#### Data for this exercise
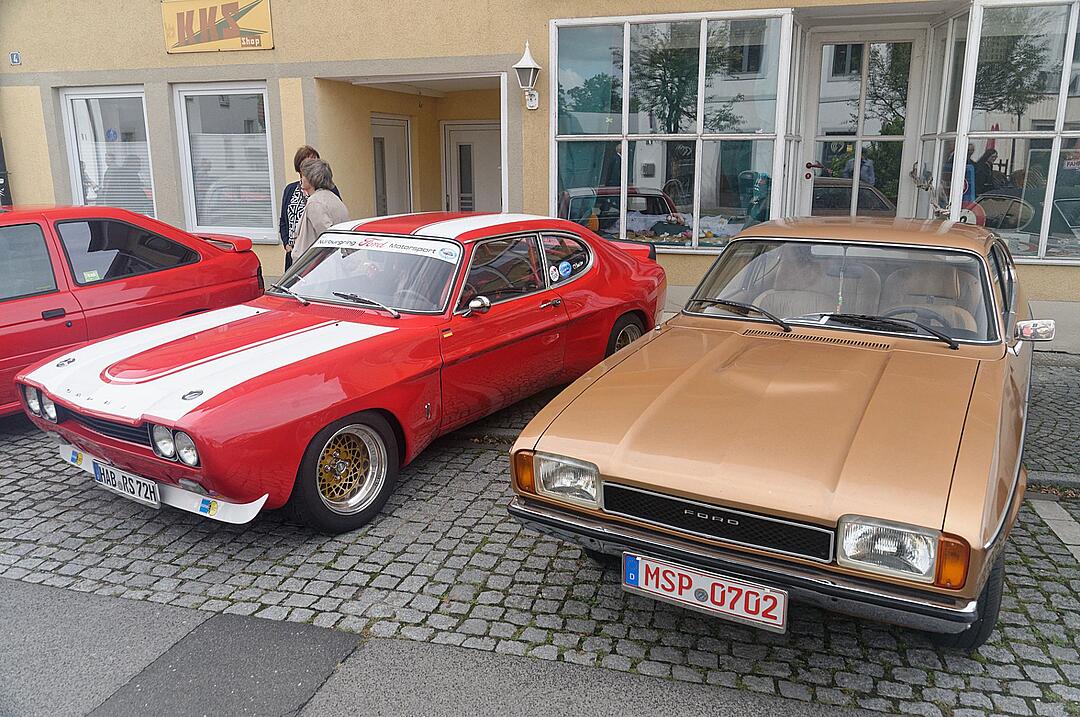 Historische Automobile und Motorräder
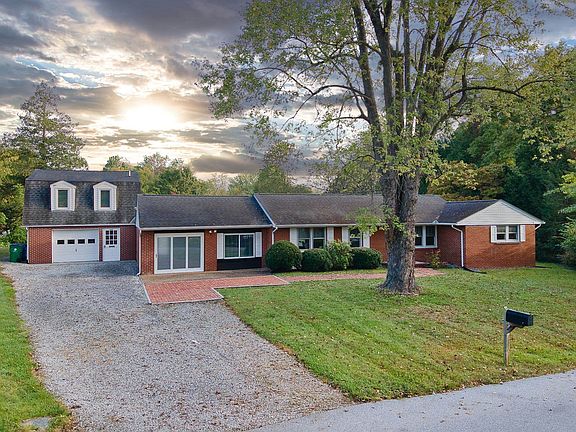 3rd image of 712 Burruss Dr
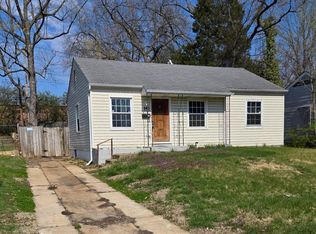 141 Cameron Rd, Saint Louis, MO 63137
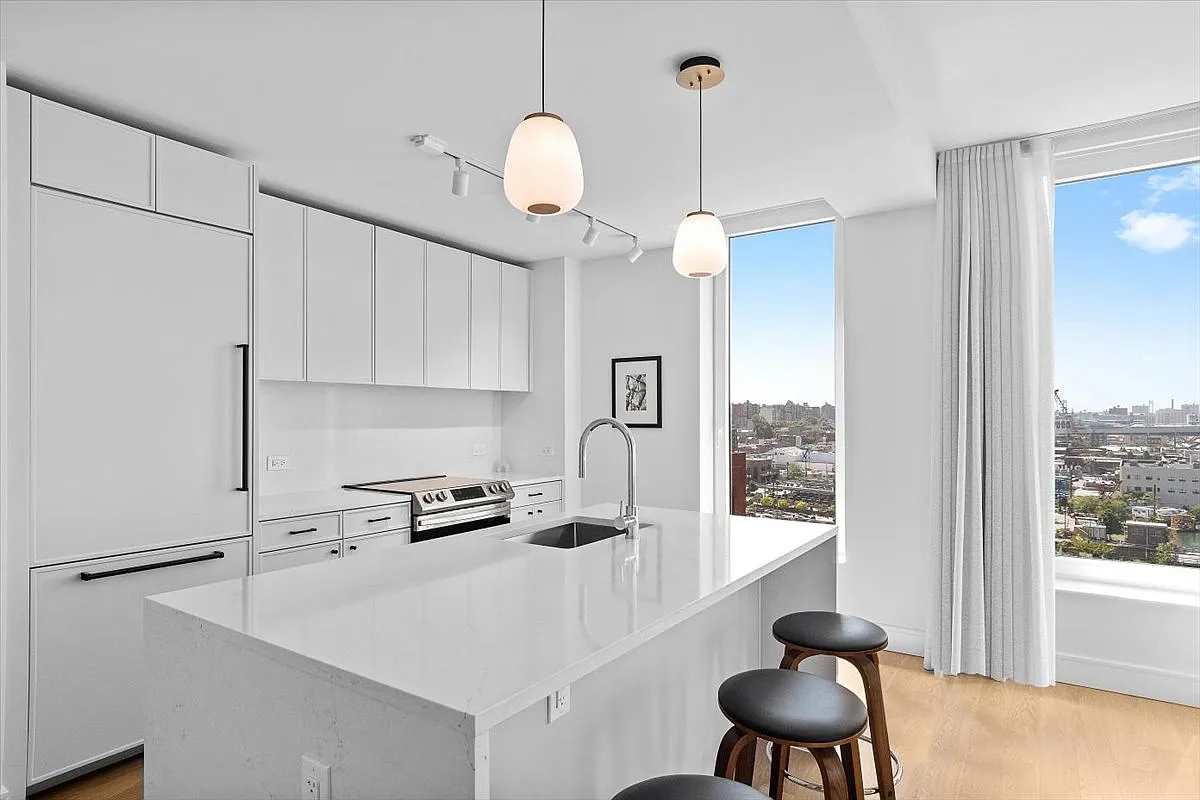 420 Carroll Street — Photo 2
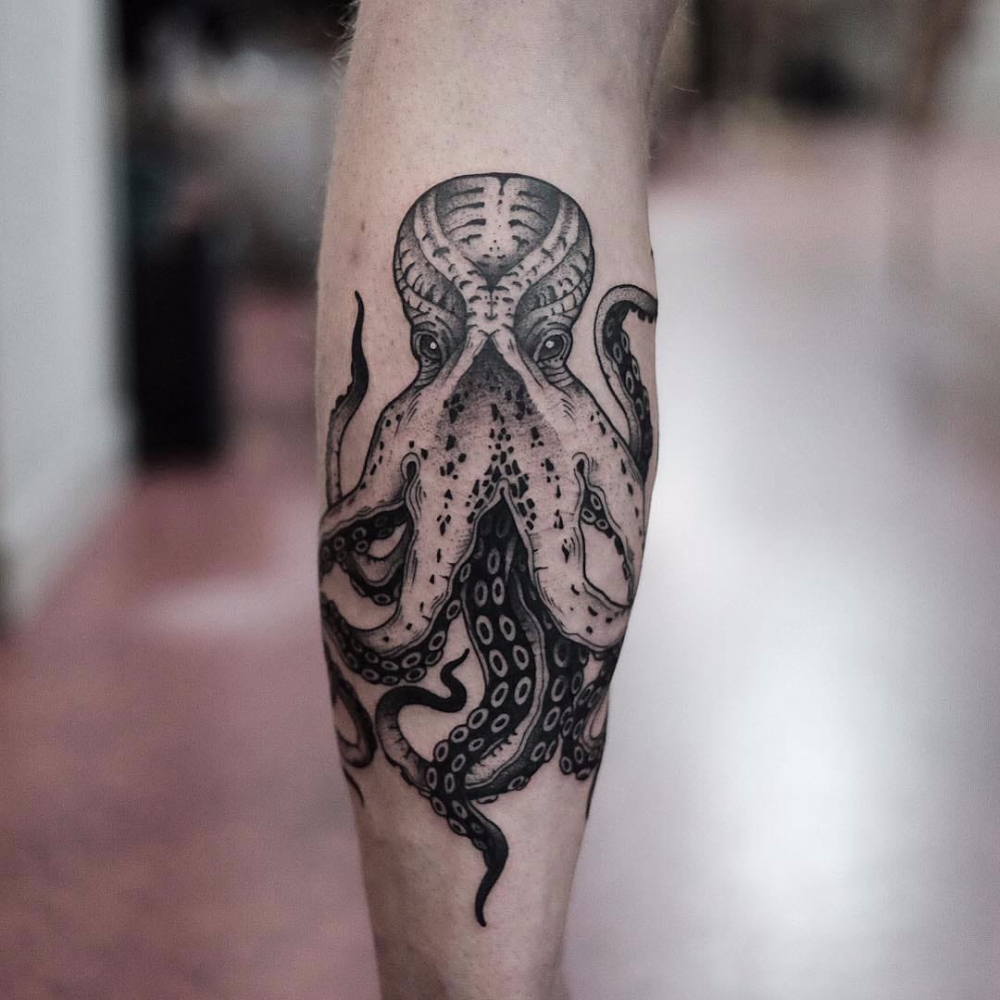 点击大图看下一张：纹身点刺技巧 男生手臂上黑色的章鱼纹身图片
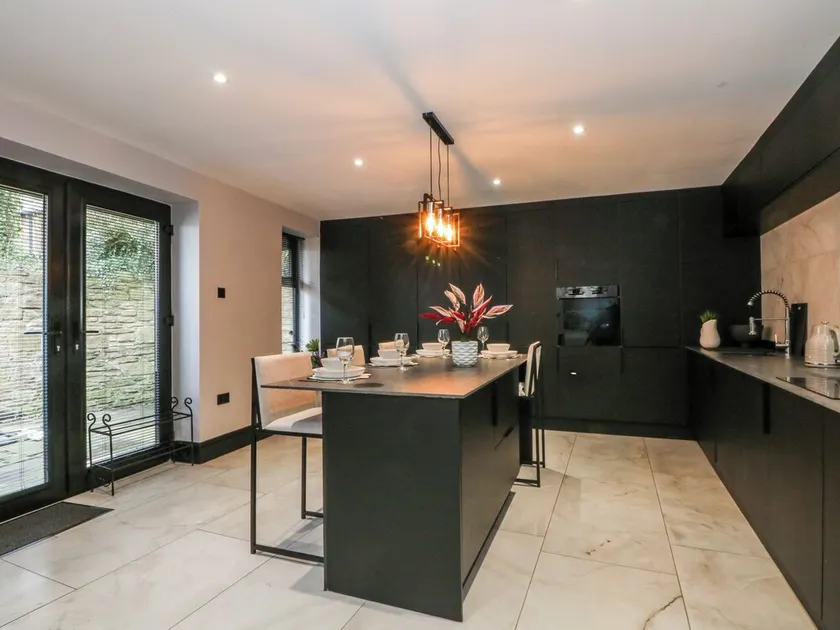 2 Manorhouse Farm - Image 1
########
#### Data for this exercise
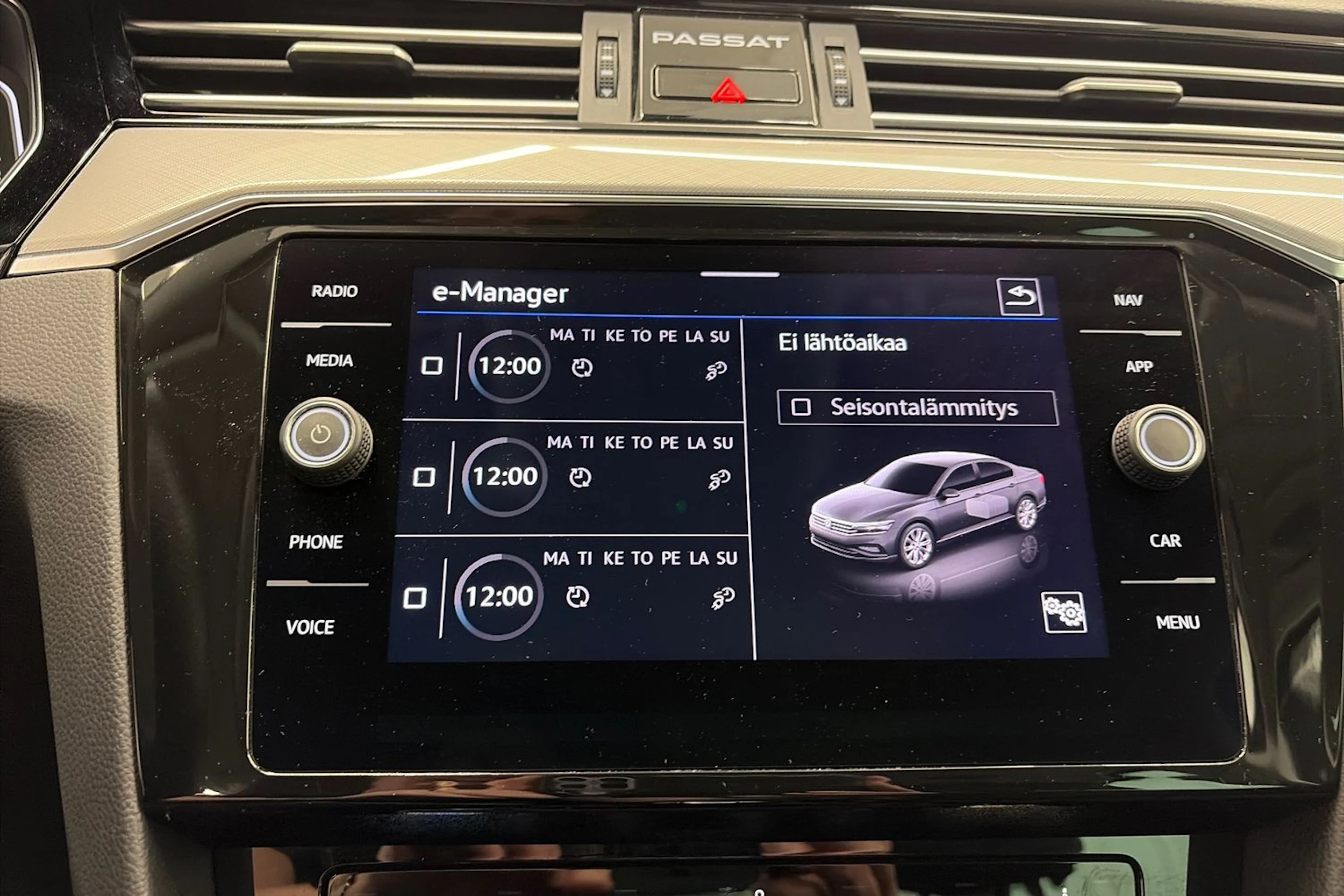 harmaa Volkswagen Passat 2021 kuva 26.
########
#### Data for this exercise
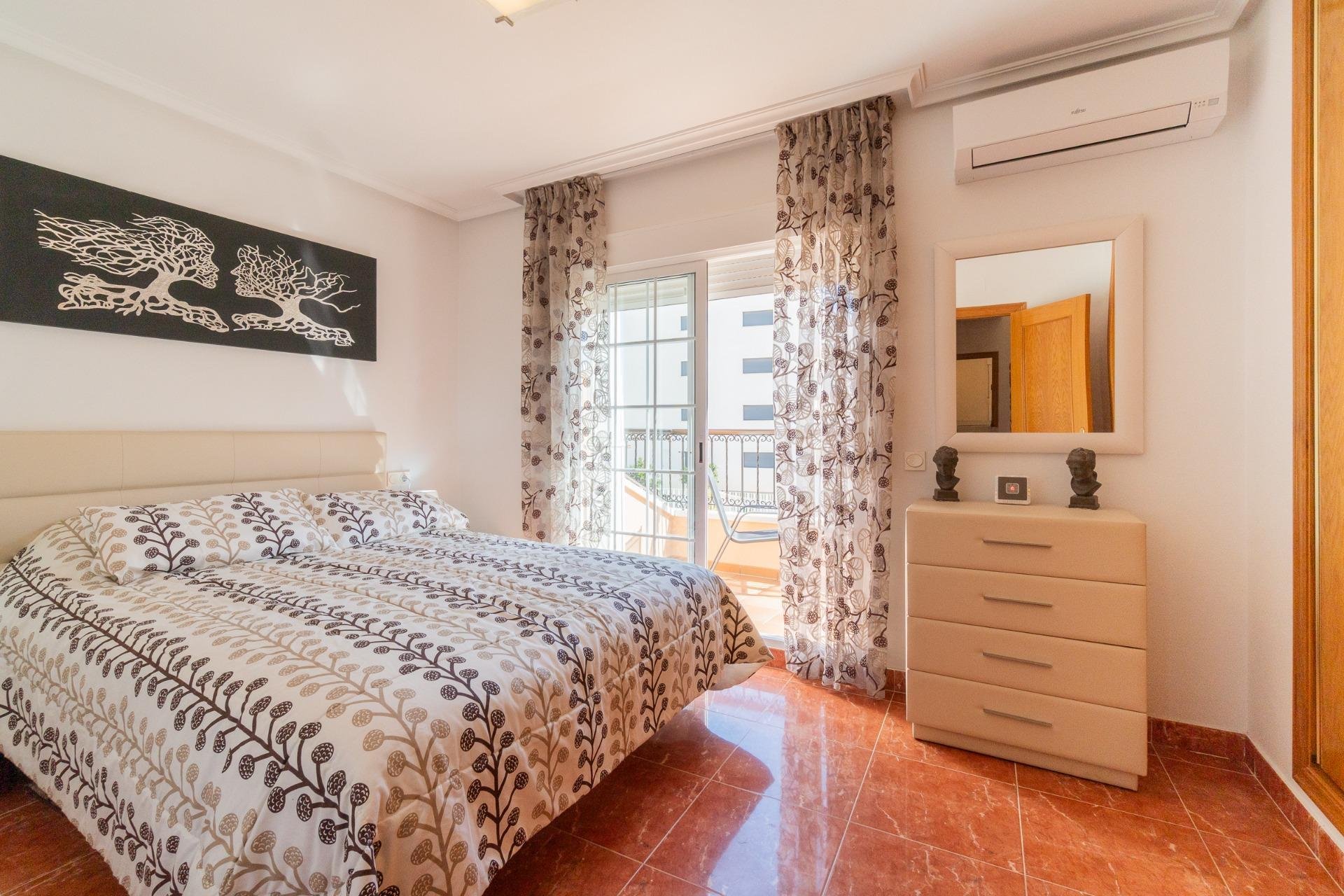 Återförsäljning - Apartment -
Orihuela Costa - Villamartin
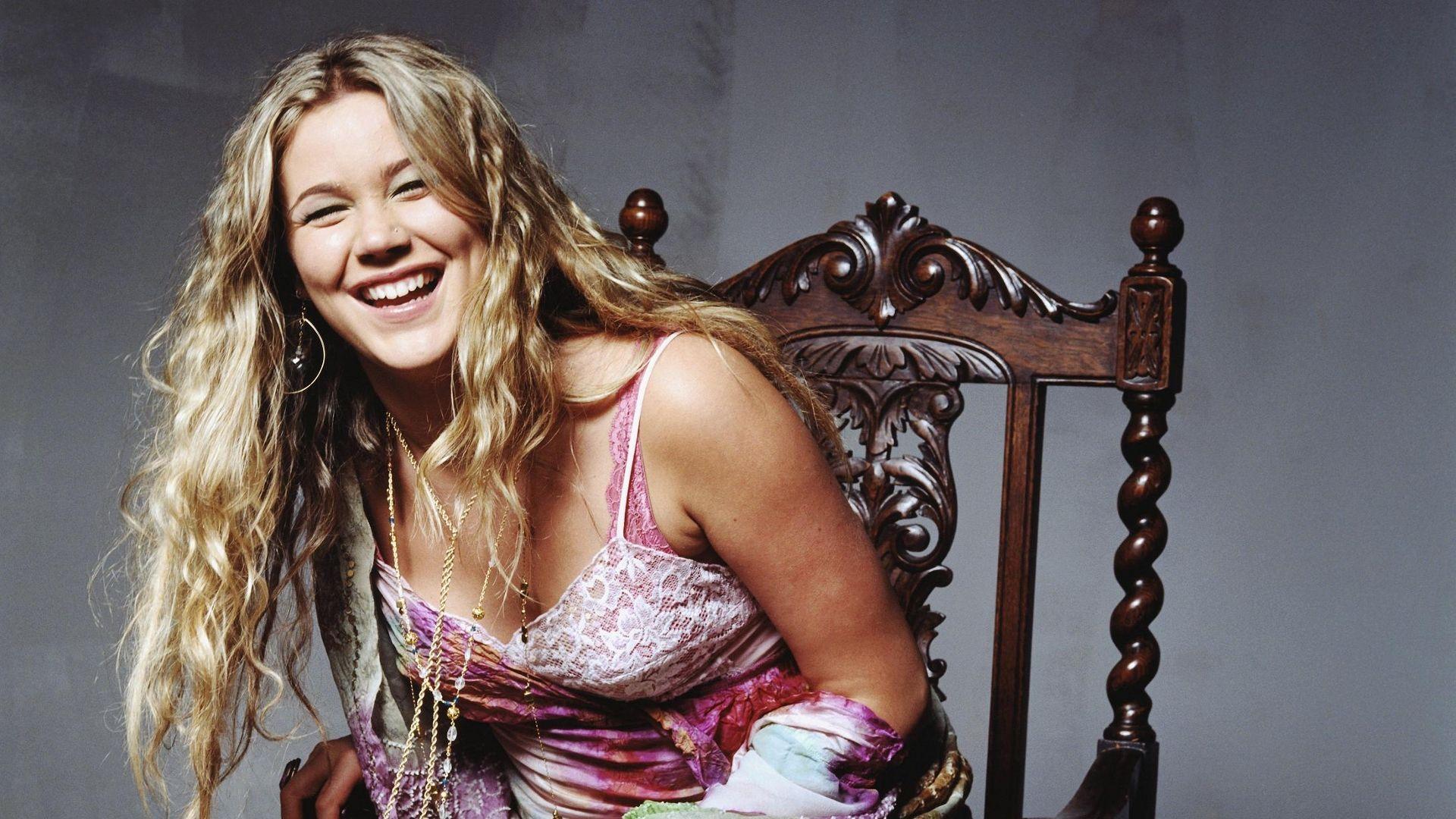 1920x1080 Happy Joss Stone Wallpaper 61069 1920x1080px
########
Your assignment: Each line above starting at the one holding "420 Carroll Street — Photo 2" and ending at the one holding "2 Manorhouse Farm - Image 1" should be set down exactly as it stands, both ends included, with no pictures.

Written solution:
 420 Carroll Street — Photo 2
 点击大图看下一张：纹身点刺技巧 男生手臂上黑色的章鱼纹身图片
 2 Manorhouse Farm - Image 1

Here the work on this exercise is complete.